Grand Island School Calendar Change Sparks Controversy | Grand Island Local News |

An occasional debate on the elimination of “early” Wednesday at Grand Island Public Schools came to a standstill between the parties at a meeting of the Grand Island Public Schools Board of Education.

The change of calendar, approved for the school year 2022-2023, according to the district announcement “will be a standard school day designed to allow for continued learning, reducing stress for families planning their first release schedule.”

The statement said the decision was made in response to the response received during the 2022 Listening Visit, and taking into account the needs of families and partnerships with building managers.

However, some teachers — including the head of the district teachers’ union — expressed dissatisfaction with the decision.

Michelle Carter, president of the Grand Island Education Association, expressed dissatisfaction with the calendar changes, but understood the purpose of the district.

“(GIEA) commends the district’s efforts to provide more time on the new Friday once a month.”

Carter noted that in discussions with districts and organizations this year GIEA stressed that teachers need planning time based on new learning provided in the professional development days of the schools.

She also expressed frustration with the way the change was introduced on Wednesday, saying it was “blind” when the issue was brought up at a recent calendar committee meeting.

In its statement, the district claimed that, “Restoration of the Hour every Wednesday provides the maximum number of blocks during the program without interruption in the days reserved for each year… year.”

During a public comment, Carter expressed his gratitude to the GIEA, but “the impression of this change is incorrect,” Carter said during a public comment. “During the listening and research tour, the teachers said that there was a lot of discussion on Wednesday — and that was true. There are too many meetings. ”

Since the plan was changed on Wednesday and preparations for a joint agreement between the districts in the past, Carter said many building managers are using the opportunity to schedule “long staff meetings, IEPs and other meetings. “

Board chairwoman Lisa Albers noted, “I’ve heard from many primary school teachers who enjoyed it, too.”

Carter said there are likely teachers who will be happy with the lack of a “two-hour staff meeting.”

However, she said, “For those of us who plan time… now I’ll have 27 kids in a class built for 25.”

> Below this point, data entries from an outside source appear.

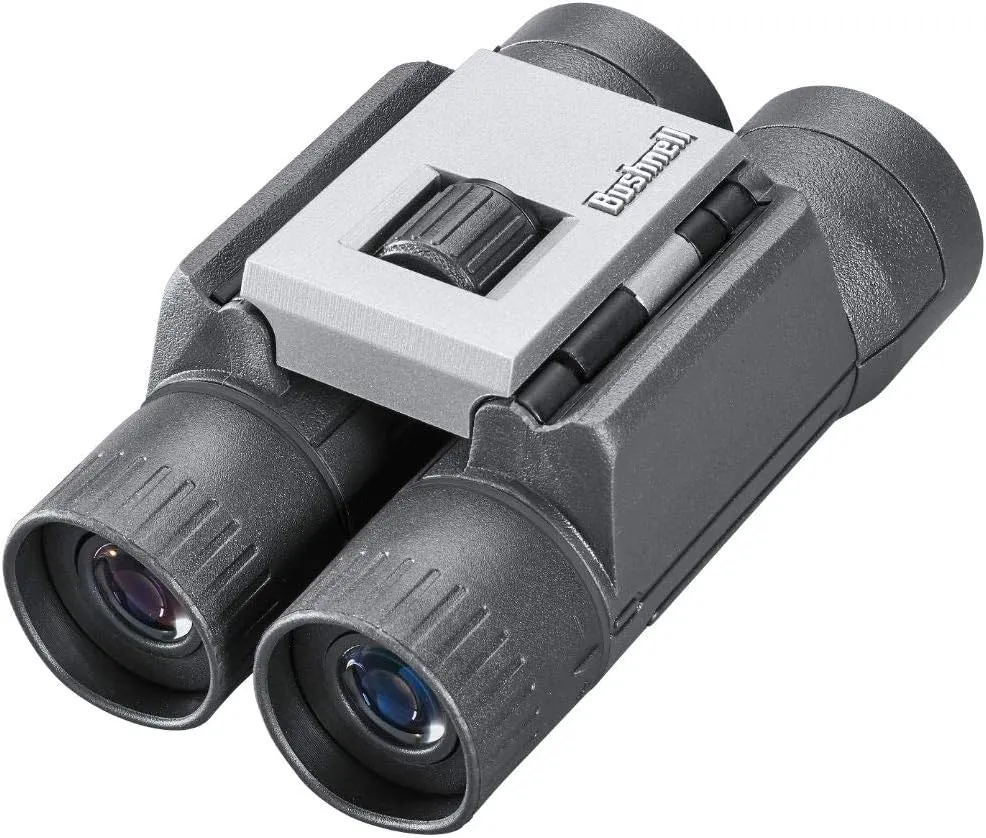 Bushnell PowerView 2 Binoculars, High-Definition Binoculars with Multi-Coated Lenses, Durable Aluminum Alloy Chassis, Wide Field of View, Ideal for Wildlife Observation, Hiking and Sporting Events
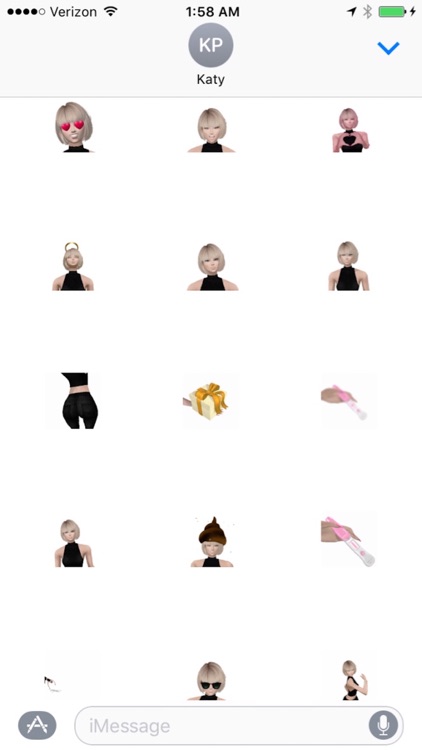 Animated White Girl GIFs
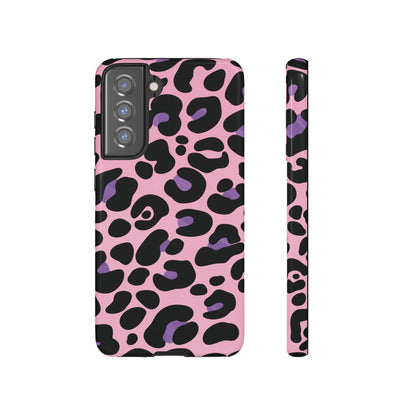 Pretty Pink & Lavender Leopard Print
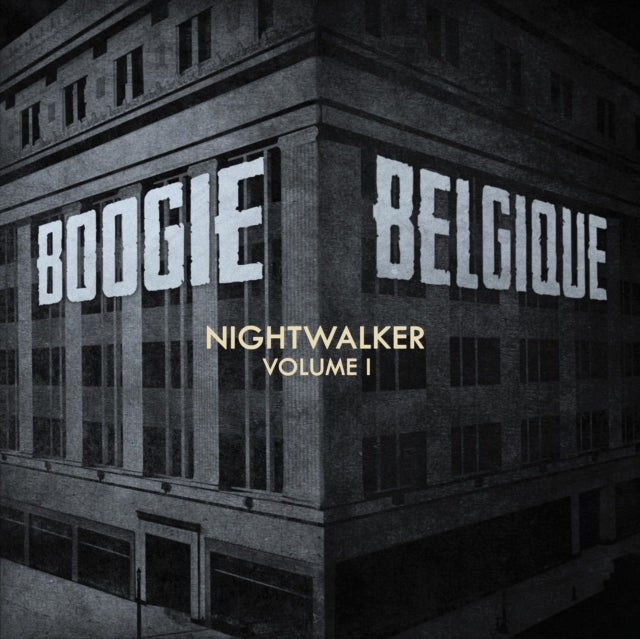 Boogie Belgique 'Nightwalker: Vol. 1' Vinyl Record LP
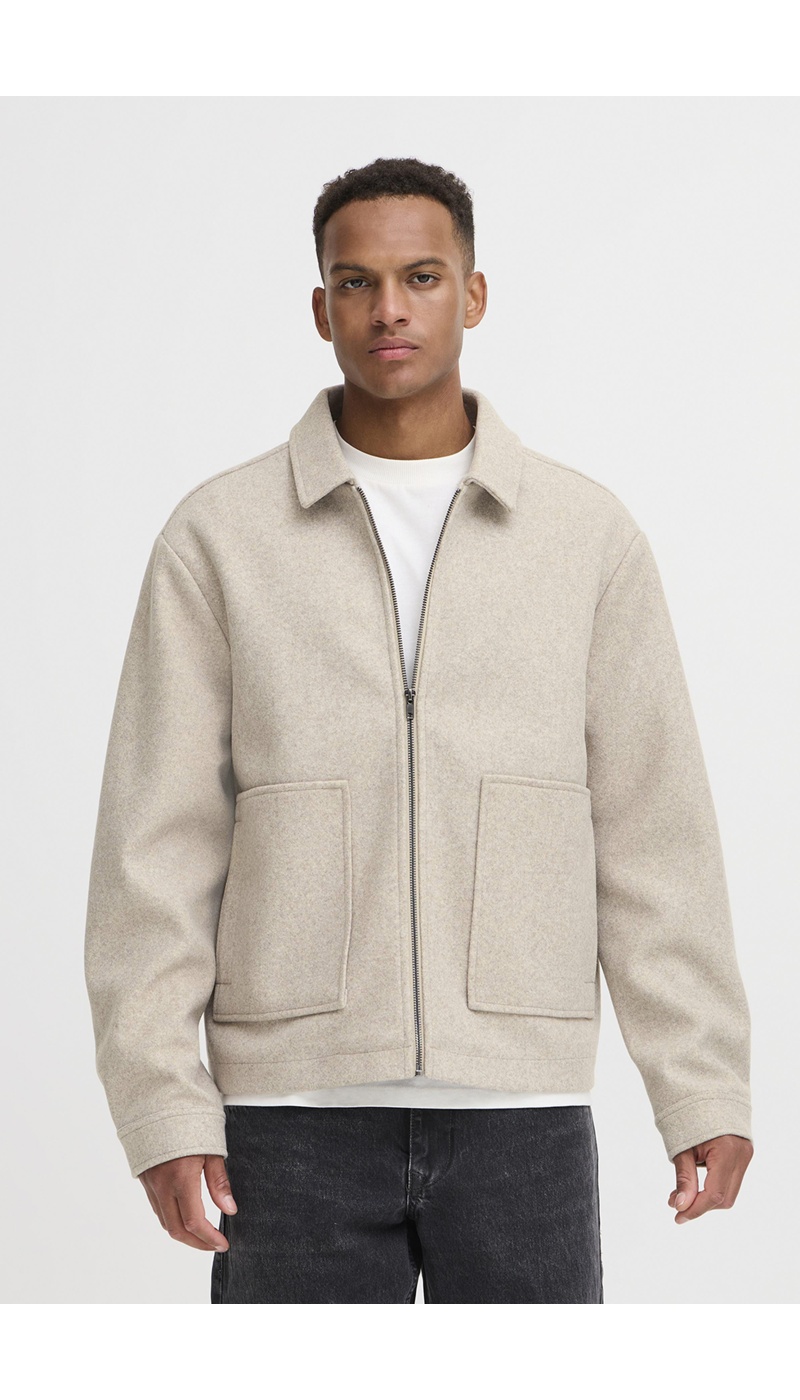 blend dk company vejle as  BEIGE MANTEAUX HOMME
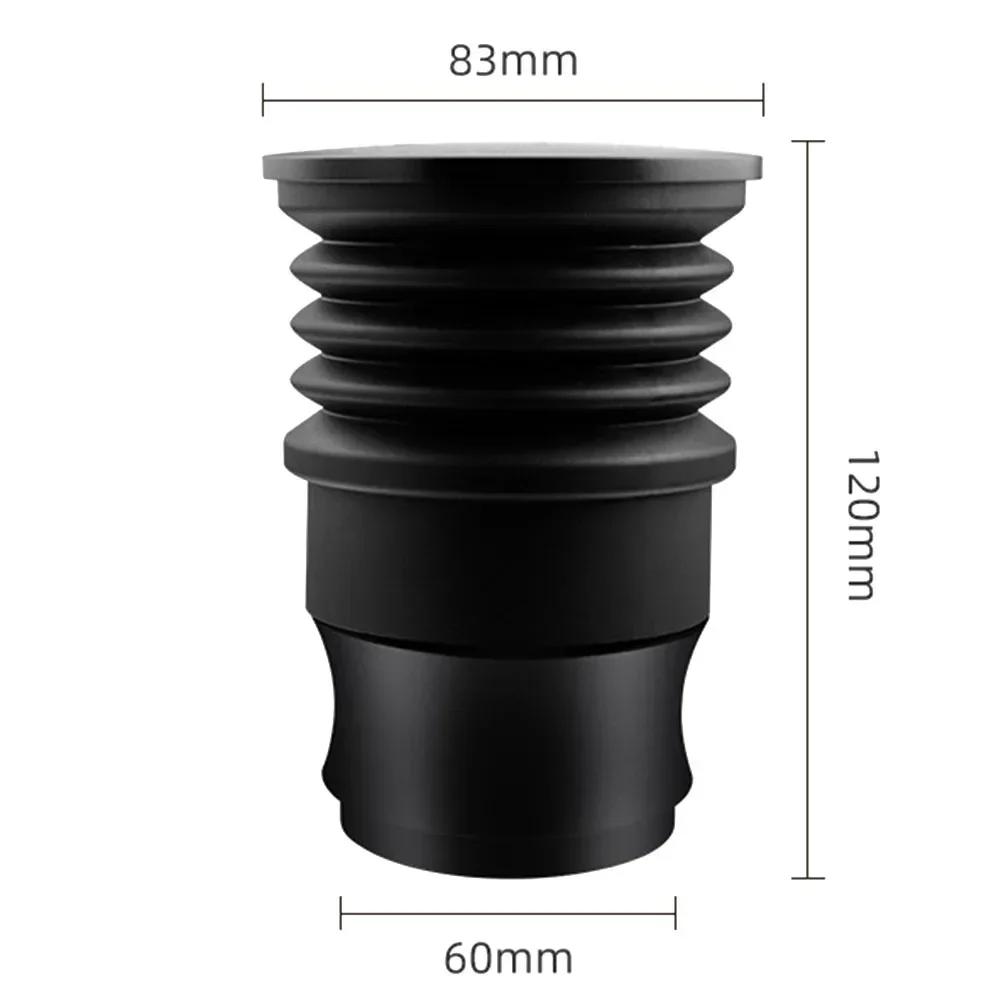 Coffee Beans Grinder Single Dose Hopper Bellows For MAZZER Mini Coffee Grinder Bean Bin Blowing Cleaning Tools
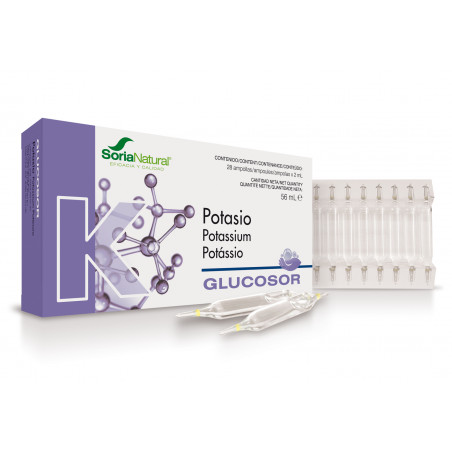 Glucosor potasio 28 ampo s/n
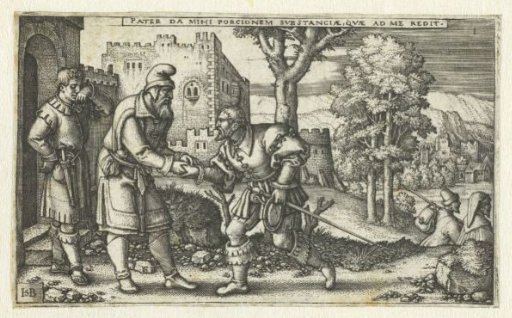 Departure of the Prodigal Son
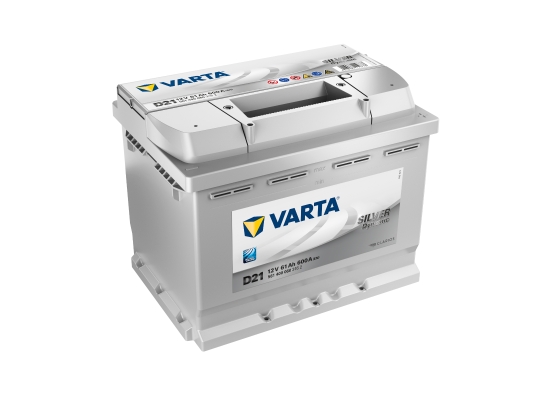 Varta Silver Dynamic D21 12V 61 Ah - 5614000603162 - 4016987119778 - 533085 - 600 A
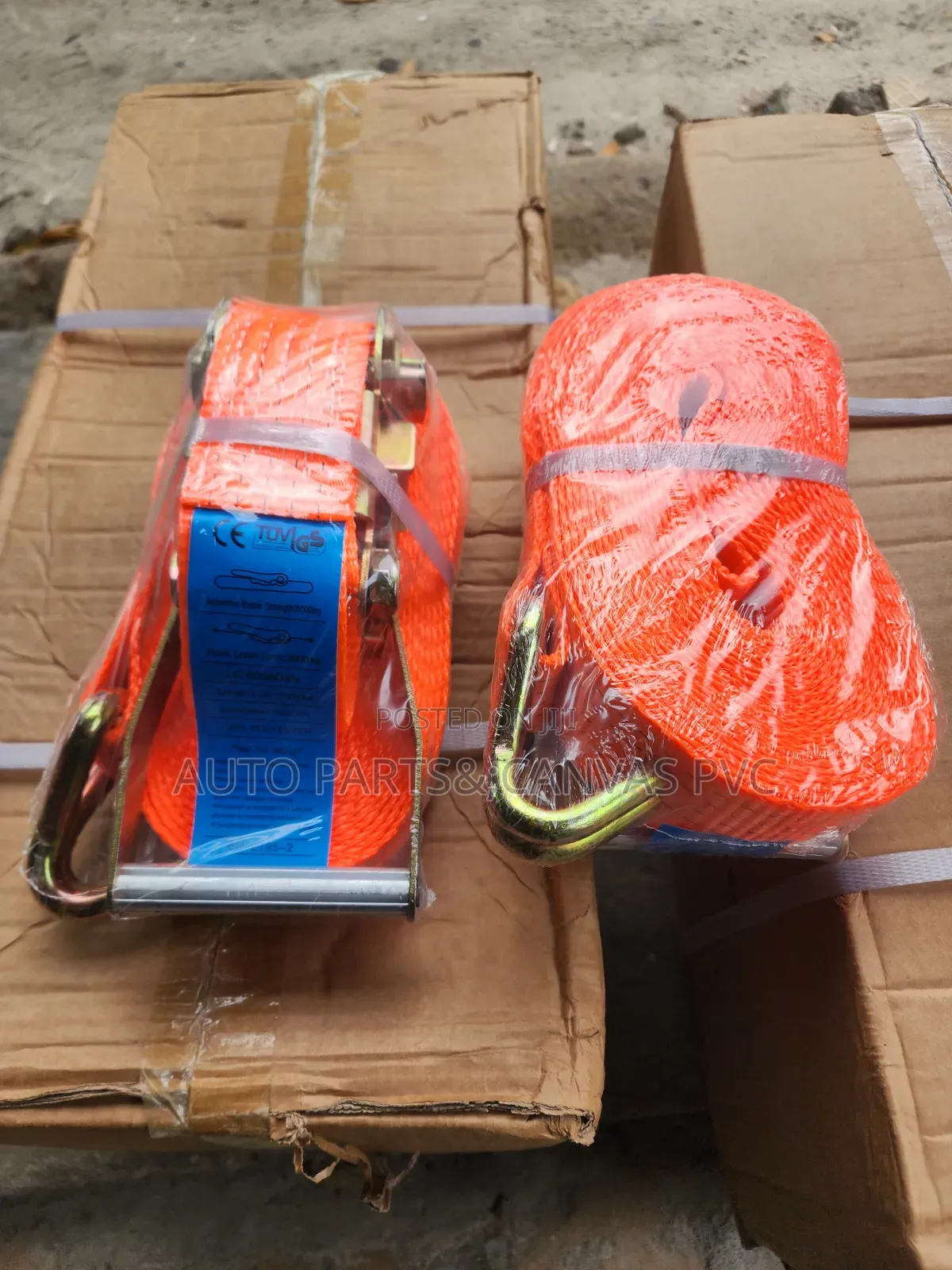 Cargo Belts 6t10m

Carter noticed that most of the classrooms had at least some “moral students” in their classes.

“When will I prepare for these students to succeed?”

Family problems were also addressed.

Speaking at the event, retired GIPS teacher Shellie Meyer said she had heard an argument since early on was not working for parents, to the point that students were not being recruited from time to time.

Meyer noted that Wednesday’s schedule has been around for a long time, calling it “a common task.”

Carter added, “Unfortunately… this is a daily problem regardless of when we are fired.”

Later on the agenda, the calendar was introduced as a tool.

Albers reiterated some of the good ideas she had received from primary school teachers about the calendar change, but indicated that she understood two arguments.

Board member Bonnie Hinkle said she, too, understands that there are different opinions, but “You listen to all the statements and you will not please everyone.”

She also said that some changes have been made to the calendar, but they are not necessarily permanent. Hinkle shows a brief summary of the district’s calendar.

“We tried to find out what was going on, assessed it and decided to leave. This can be one of the times we have to try it out, see how it works, evaluate it and if we need to go back to it we can. “

Board members Carlos Barcenas and Lindsey Jurgens both expressed the same sentiments.

Board member Terry Brown contributed: “I think the big wall of time will be better. I can help make a change. If it is not right, we can go back. “

The commission voted unanimously to adopt a change of calendar.

GIPS has announced that the updated edition of the ’22 -’23 calendar (English and Spanish) will be available next week.

Jessica Votipka is an education reporter at Grand Island Independent. It can be reached at 308-381-5420.